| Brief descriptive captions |

'''

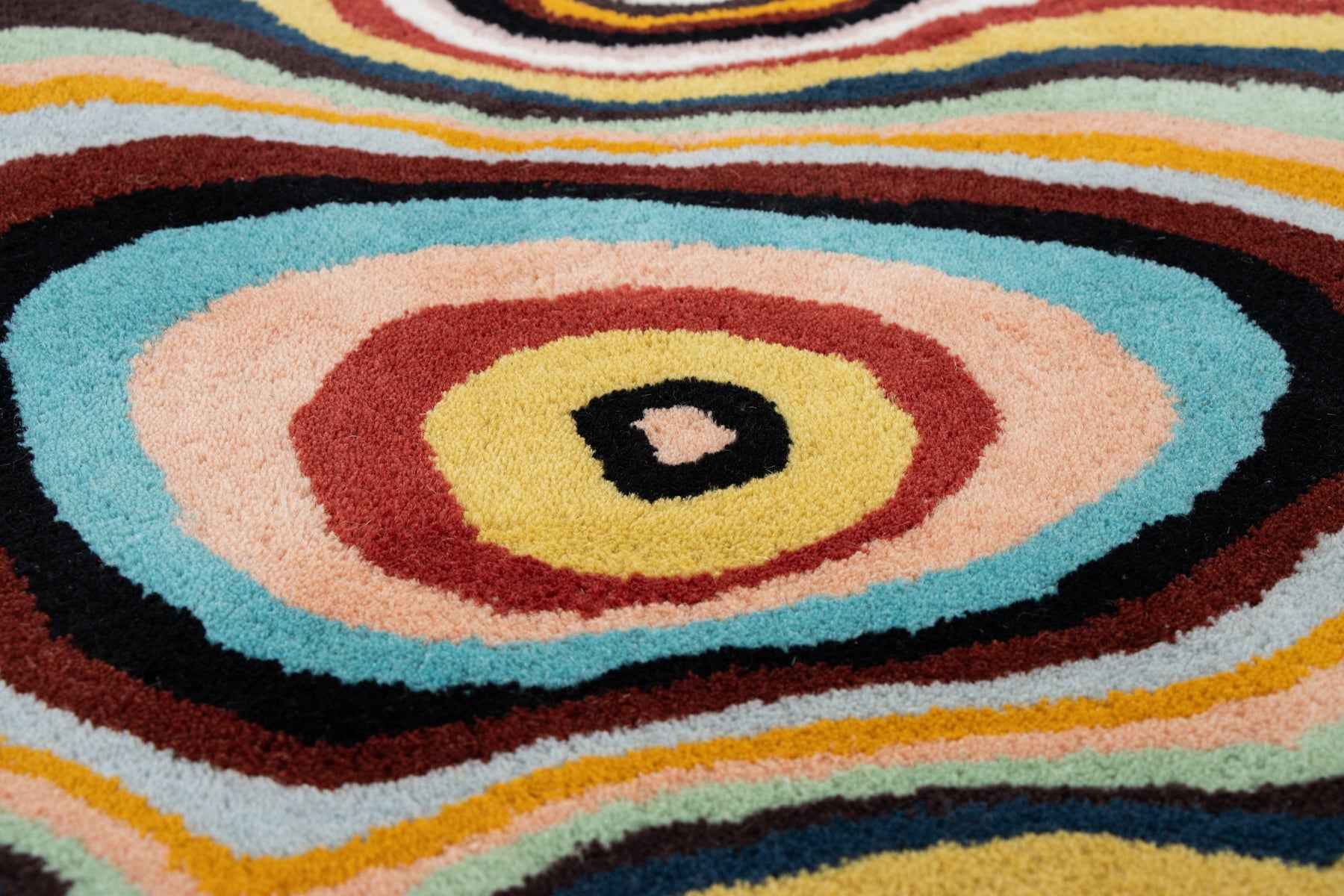 Detail shot of Paint Melts rug edges and finish highlighting hand-tufted construction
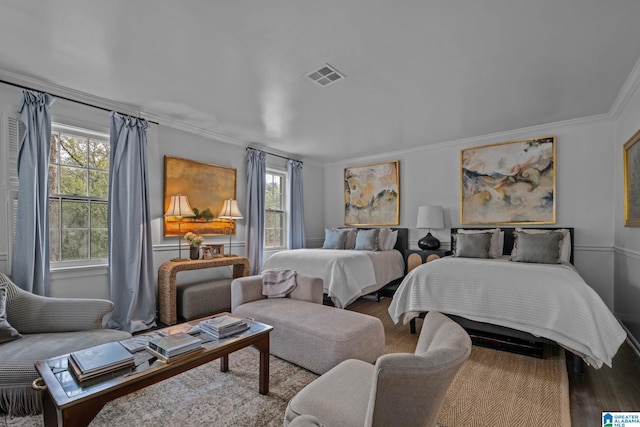 bedroom featuring visible vents, multiple windows, and wood finished floors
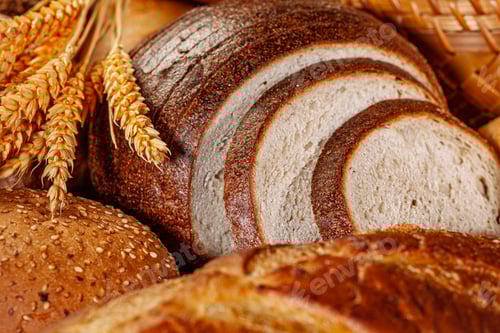 Preview: Fresh baked bread. Assorted bakery products loafs of bread and rolls...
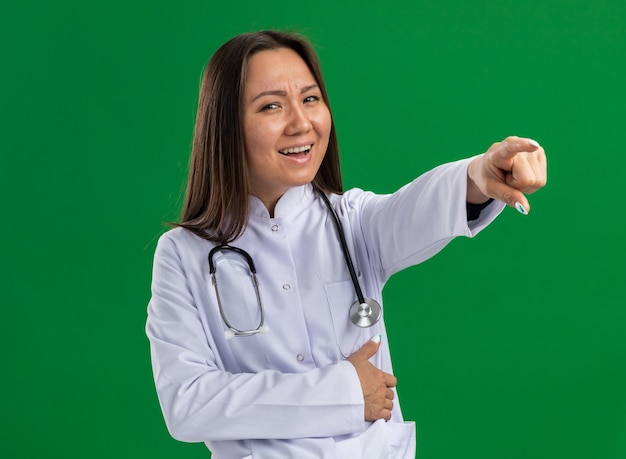 Joyful young asian female doctor wearing medical robe and stethoscope looking at camera pointing at side keeping hand on belly isolated on green wall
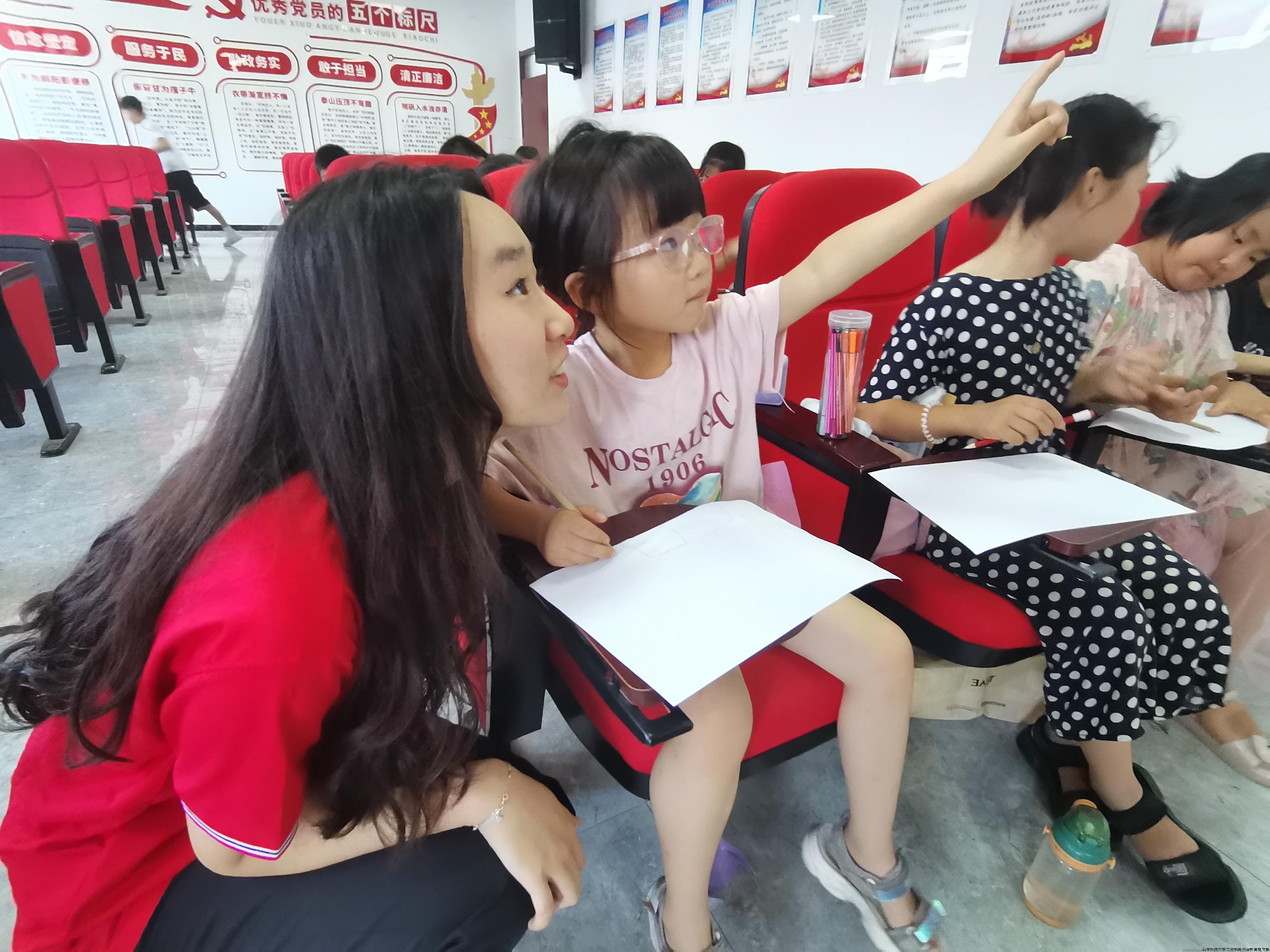 图为志愿者协助孩子们绘画 王佳妮摄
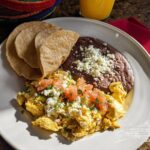 A plate of scrambled Mexican Eggs topped with tomatoes and cheese, served with refried beans and corn tortillas.
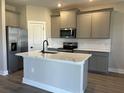 Modern kitchen featuring gray cabinets, quartz countertops, and stainless steel appliances at 5321 Crestline Ter, Port Charlotte, FL 33981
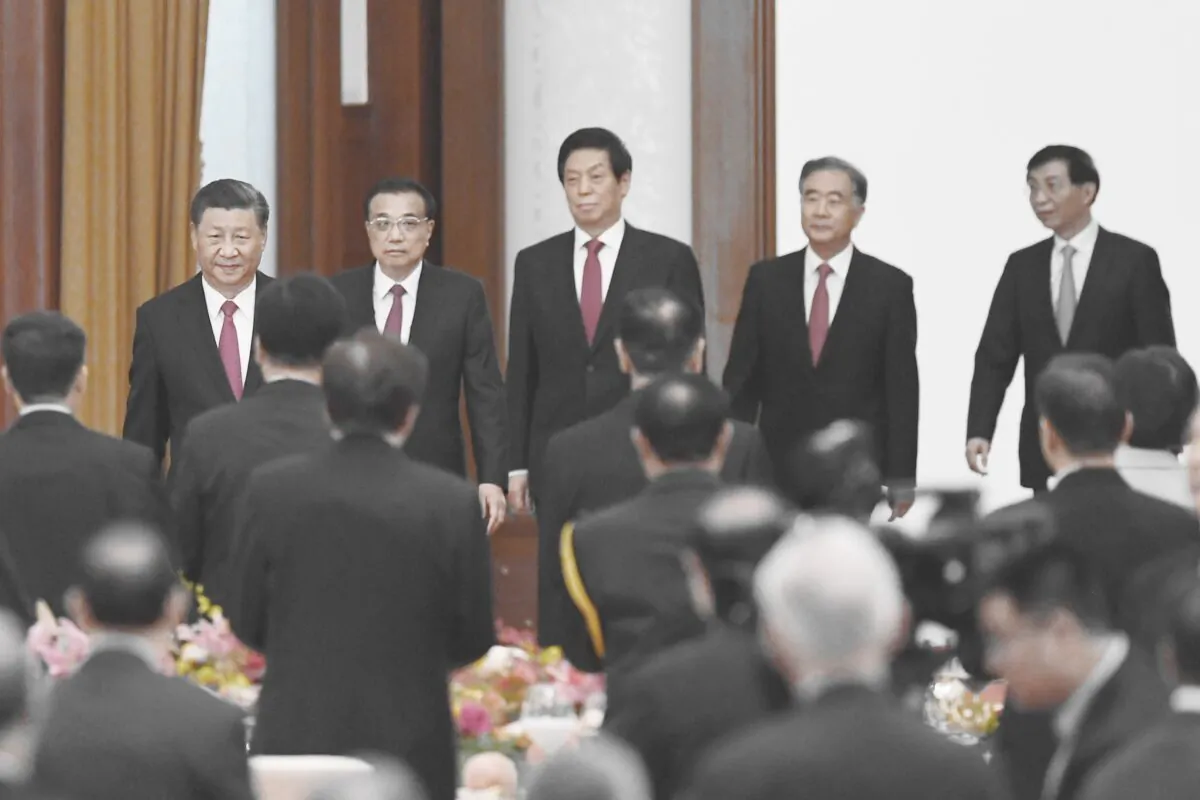 Chinese leader Xi Jinping (L), Premier Li Keqiang (2nd L), and Politburo Standing Committee members (L-R) Li Zhanshu, Wang Yang, and Wang Huning arrive for a reception at the Great Hall of the People in Beijing on Sept. 30, 2020. (GREG BAKER/AFP via Getty Images)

'''

| Brief |
From top to bottom, restate the records above exactly and omit every picture.

| Answer section |
 Detail shot of Paint Melts rug edges and finish highlighting hand-tufted construction
 bedroom featuring visible vents, multiple windows, and wood finished floors
 Preview: Fresh baked bread. Assorted bakery products loafs of bread and rolls...
 Joyful young asian female doctor wearing medical robe and stethoscope looking at camera pointing at side keeping hand on belly isolated on green wall
 图为志愿者协助孩子们绘画 王佳妮摄
 A plate of scrambled Mexican Eggs topped with tomatoes and cheese, served with refried beans and corn tortillas.
 Modern kitchen featuring gray cabinets, quartz countertops, and stainless steel appliances at 5321 Crestline Ter, Port Charlotte, FL 33981
 Chinese leader Xi Jinping (L), Premier Li Keqiang (2nd L), and Politburo Standing Committee members (L-R) Li Zhanshu, Wang Yang, and Wang Huning arrive for a reception at the Great Hall of the People in Beijing on Sept. 30, 2020. (GREG BAKER/AFP via Getty Images)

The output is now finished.